*** Exercise input Section Begins ***

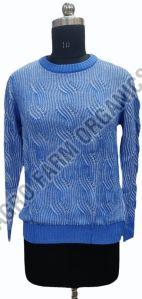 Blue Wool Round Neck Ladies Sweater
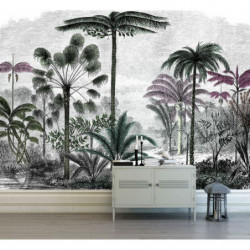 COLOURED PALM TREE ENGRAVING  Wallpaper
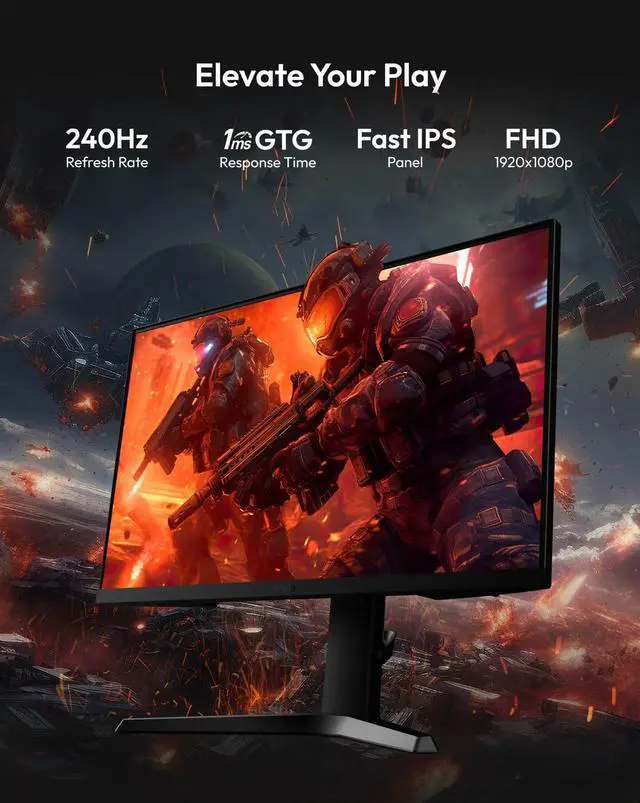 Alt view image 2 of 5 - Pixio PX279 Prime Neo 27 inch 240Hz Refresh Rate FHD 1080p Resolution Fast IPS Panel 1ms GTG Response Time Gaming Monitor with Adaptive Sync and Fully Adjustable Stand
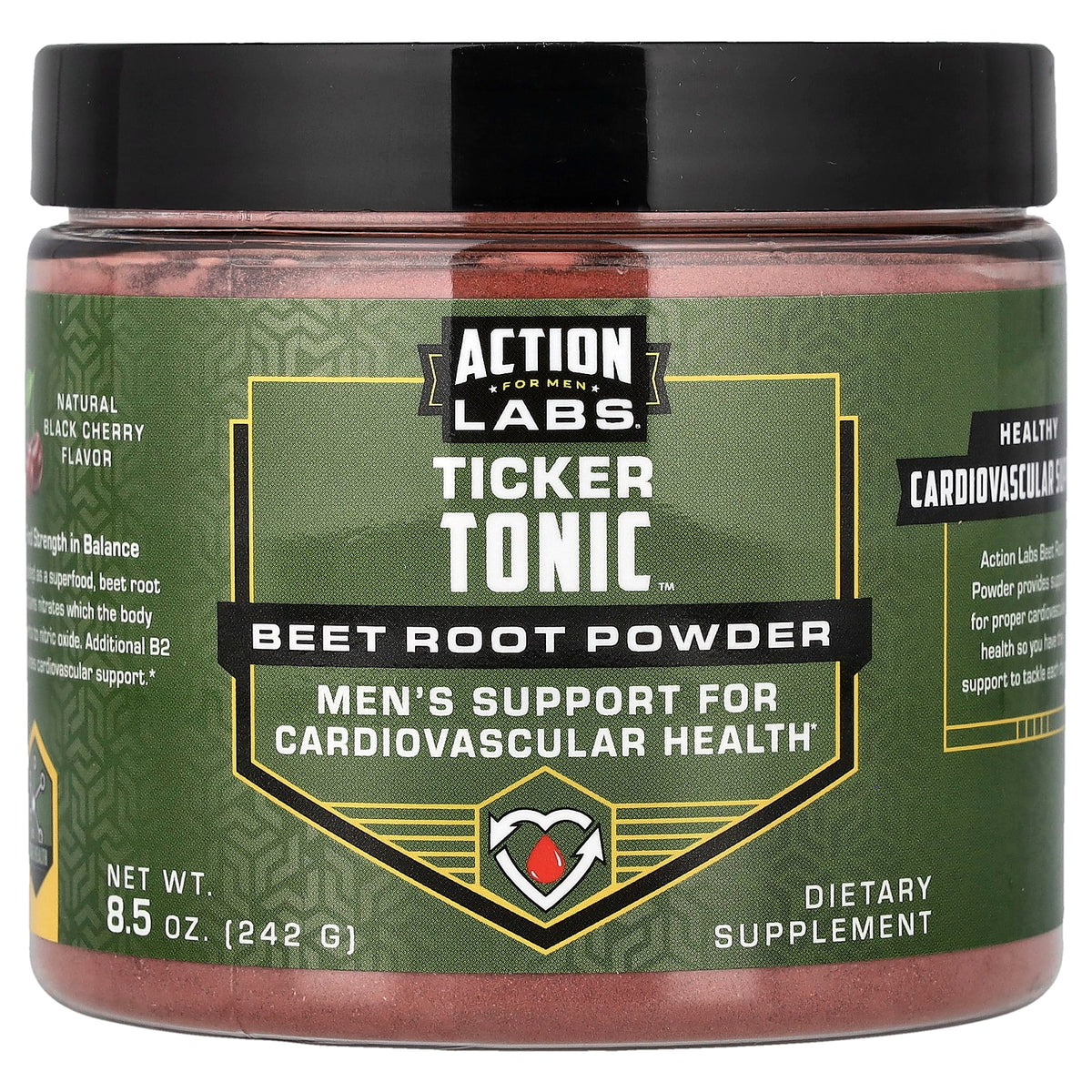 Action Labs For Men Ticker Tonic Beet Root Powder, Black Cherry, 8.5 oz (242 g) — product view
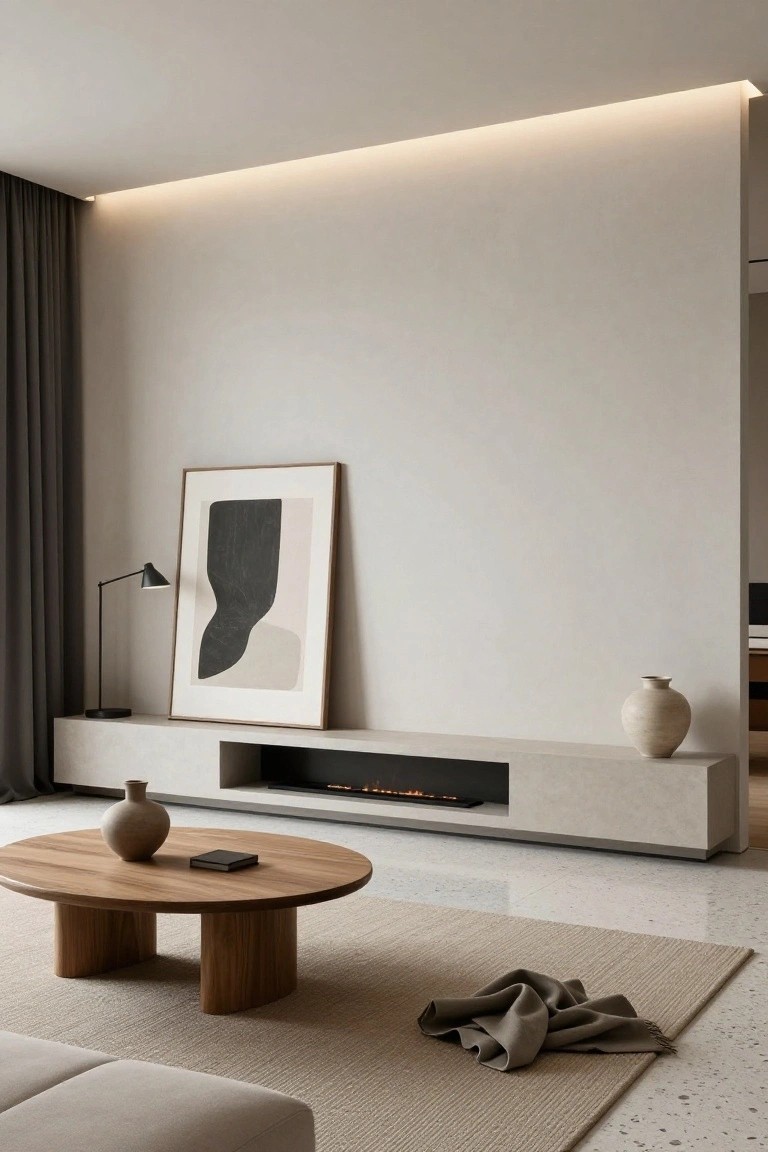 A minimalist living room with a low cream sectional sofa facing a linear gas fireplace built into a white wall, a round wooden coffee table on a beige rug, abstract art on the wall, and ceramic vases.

*** Exercise input Section Ends ***
*** Exercise input Section Begins ***

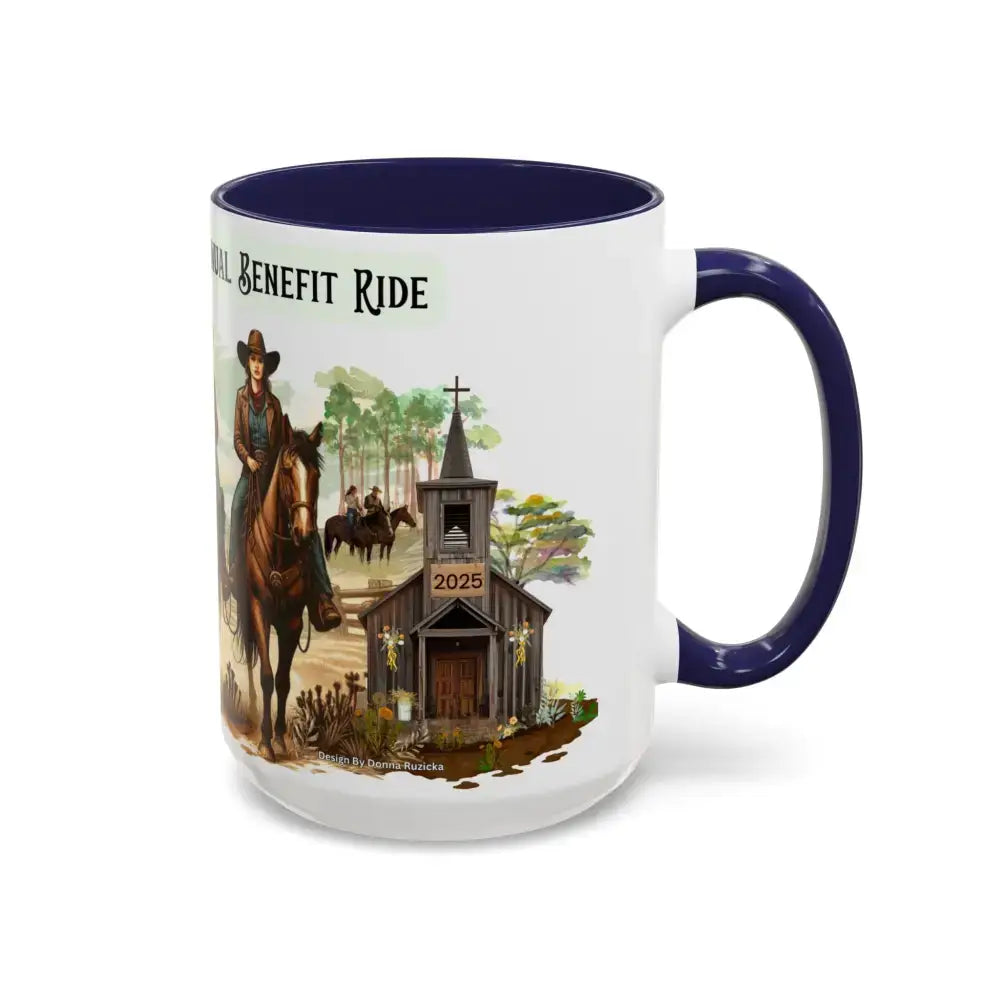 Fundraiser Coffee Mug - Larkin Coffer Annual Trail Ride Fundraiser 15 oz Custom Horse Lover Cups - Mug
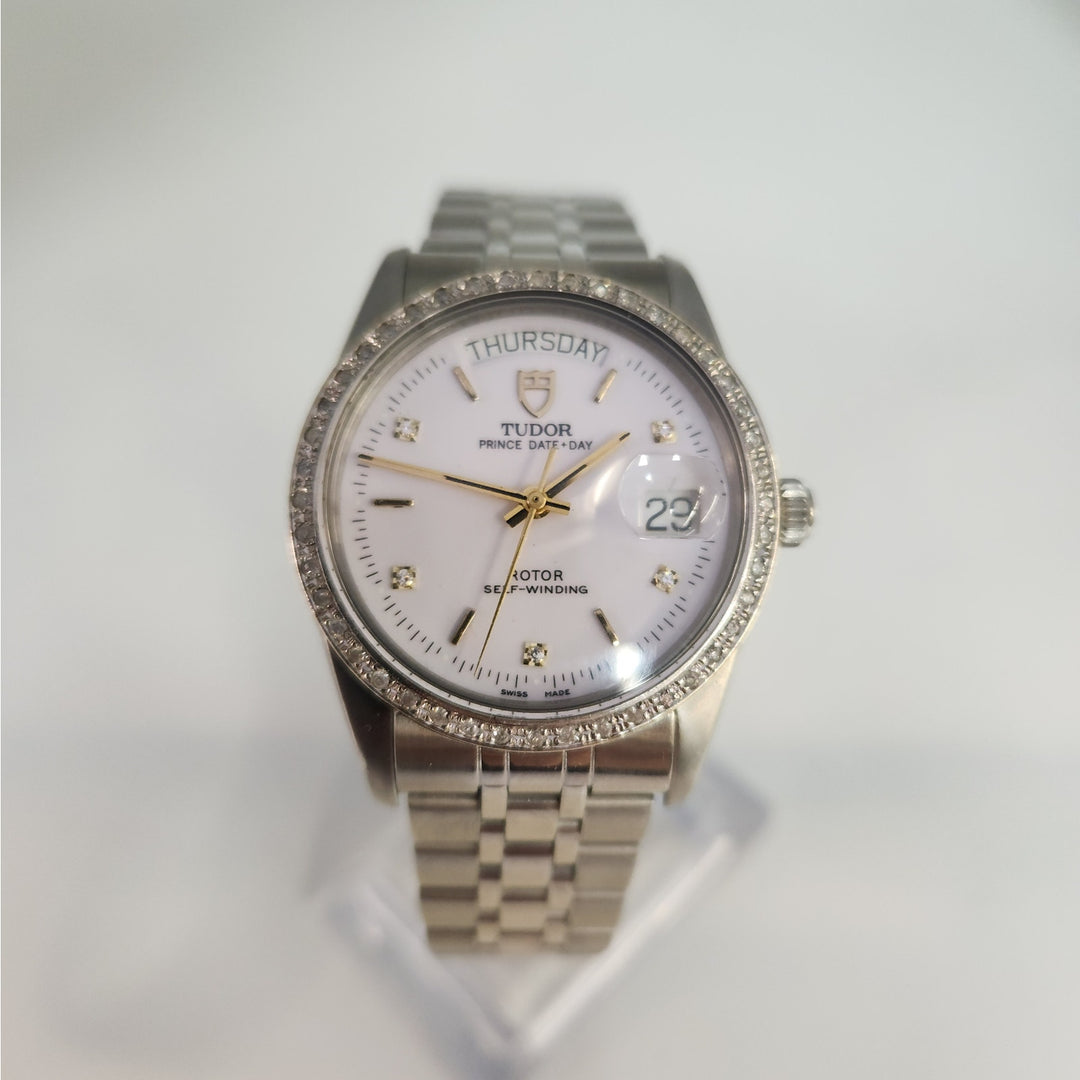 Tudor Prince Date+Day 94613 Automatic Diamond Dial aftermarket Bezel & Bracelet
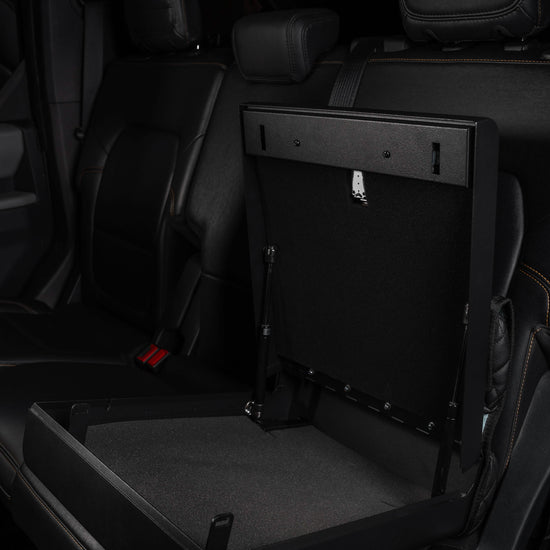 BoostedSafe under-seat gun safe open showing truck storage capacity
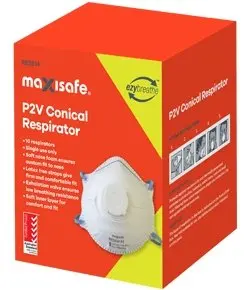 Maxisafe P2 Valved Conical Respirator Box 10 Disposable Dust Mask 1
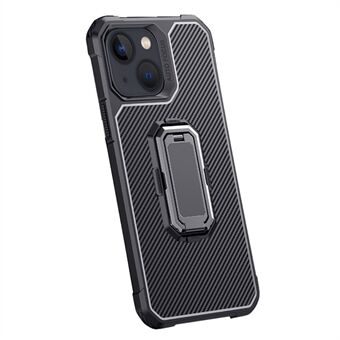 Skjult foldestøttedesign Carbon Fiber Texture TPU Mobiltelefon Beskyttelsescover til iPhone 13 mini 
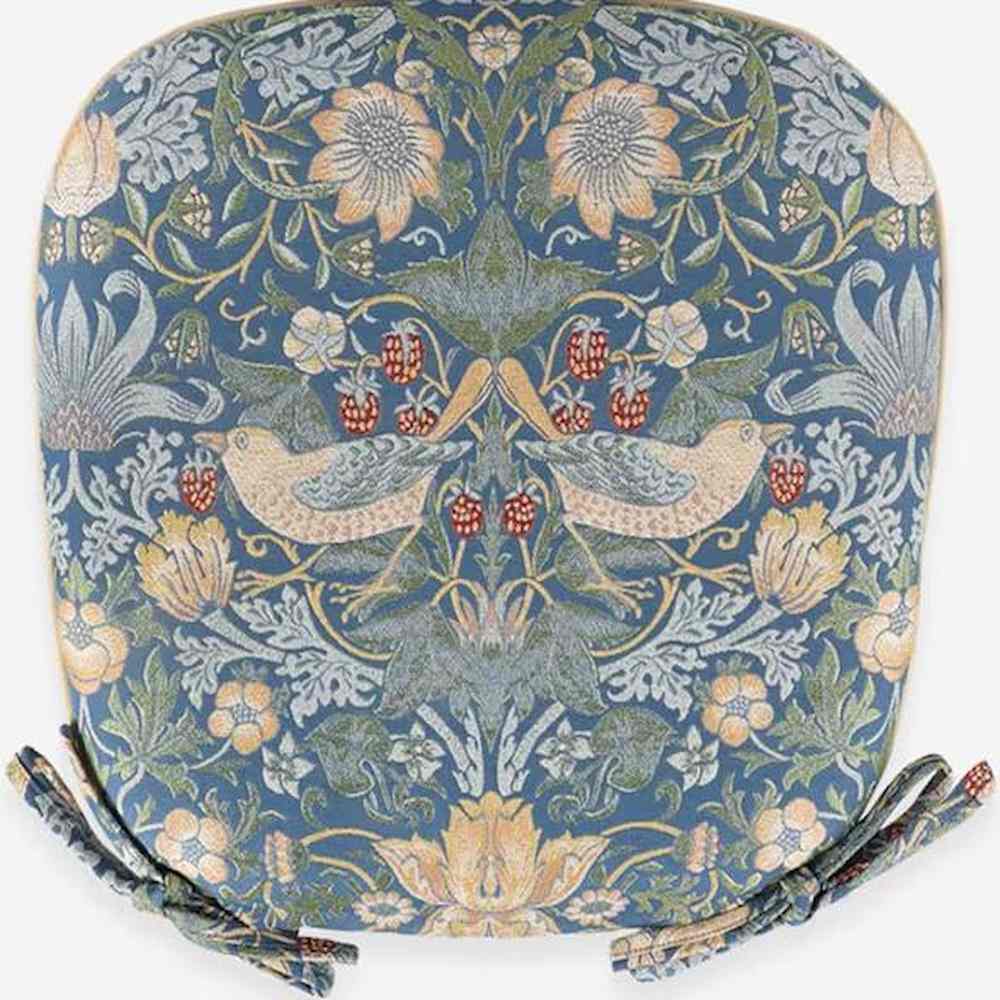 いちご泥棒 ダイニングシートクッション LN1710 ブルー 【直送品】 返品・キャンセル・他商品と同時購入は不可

*** Exercise input Section Ends ***
*** Exercise input Section Begins ***

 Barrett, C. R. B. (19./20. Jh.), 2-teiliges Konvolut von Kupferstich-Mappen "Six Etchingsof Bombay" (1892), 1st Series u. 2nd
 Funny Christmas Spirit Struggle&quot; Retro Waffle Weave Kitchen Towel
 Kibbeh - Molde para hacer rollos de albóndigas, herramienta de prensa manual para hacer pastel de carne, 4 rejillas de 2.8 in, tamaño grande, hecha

*** Exercise input Section Ends ***

▸ **Work instructions**: Among the records above, locate the line containing "BoostedSafe under-seat gun" and the line containing "いちご泥棒 ダイニングシートクッション LN1710", then transcribe exactly the lines starting at the first and ending at the second, with no pictures.

▸ **Reply to the task**:
 BoostedSafe under-seat gun safe open showing truck storage capacity
 Maxisafe P2 Valved Conical Respirator Box 10 Disposable Dust Mask 1
 Skjult foldestøttedesign Carbon Fiber Texture TPU Mobiltelefon Beskyttelsescover til iPhone 13 mini 
 いちご泥棒 ダイニングシートクッション LN1710 ブルー 【直送品】 返品・キャンセル・他商品と同時購入は不可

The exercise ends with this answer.